THE SHEIK Image

THE SHEIK

By admin | December 11, 2014

The name Khosrow Vaziri may not be immediately familiar to most people, but during the early 1980s he was among the most hated men in America. Or, to be more accurate, he was the man that Americans loved to hate. In his persona as the Iron Shiek of the World Wrestling Federation (WWF – the forerunner of today’s WWE), Vaziri showed off broad comic theatricality as the Ayatollah’s alleged agent provocateur in the squared circle. And when he teamed with Josip Peruzovic (better known as Nikolai Volkoff), their tag team created brilliant spasms of American nationalism at every WWF event.

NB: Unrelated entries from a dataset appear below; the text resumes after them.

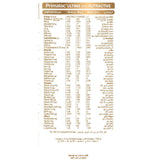 بريمالاك ألتيما برو حليب أطفال 400 جم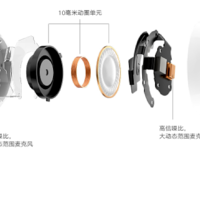 千元内最强无线降噪耳机来袭，799元荣耀FlyPods3即将开启预售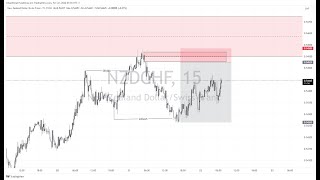 🔴Febre do Ouro Operando XAUUSD Ao Vivo 040324 [upl. by Yarod841]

Today, Vaziri is 74 and not in the best of health. But thanks to Igal Hecht’s entertaining documentary, he can get his life story out to a wider world.

Born in Tehran, Vaziri was a champion wrestler who became the bodyguard to the Shah of Iran. He abruptly left Iran in 1969 following the suspicious death of wrestling champion Gholamreza Takhti, which was officially declared as a suicide by the government – the film is somewhat vague as to why Vaziri feared for his life in the aftermath of Takhti’s passing. Arriving in the U.S., he snagged work as a coach for the U.S. Olympic Wrestling Team before finding his way into professional wrestling. The tumult in Iran helped him to gain notoriety as a wrestling “heel,” and his career with the WWF was rich in giddy highs (including the winning of the championship belt from Bob Backlund) and embarrassing lows (a 1987 drug arrest with fellow wrestler Hacksaw Jim Duggan that led to his expulsion from the league and exile in poor-attended bouts for minor independent leagues).

Vaziri speaks frankly about the injuries he sustained as a wrestler and the difficulties that his family endured from his long periods away from home and from nutty fans that harassed him. The film handles difficult subjects, including the murder of Vaziri’s daughter by an ex-boyfriend and his problems in fighting drug addiction, with sympathy and sincerity.

Wrestling fans will enjoy seeing some of the 1980s legends talking about Vaziri – Jake “the Snake” Roberts, Bret Hart, Koko B. Ware, King Kong Bundy, Hulk Hogan (whose career soared after he won the championship belt from the Iron Sheik) and former tag team partner Nikolai Volkoff turn up on camera, some looking more than a little worse for wear. Dwayne Johnson is also on hand, but no contemporary WWE stars can be found (though, frankly, they are not missed here). And Vaziri is a charming raconteur who still knows how to put on a great show.

Two minor quibbles here: the film runs English subtitles when Vaziri speaks (they are not needed, as his accented English is perfectly comprehensible) and, sadly, there is no footage from the classic WWF matches in the film (obviously, the McMahon clan wanted too much money in licensing fees). But, otherwise, this flick is a winner.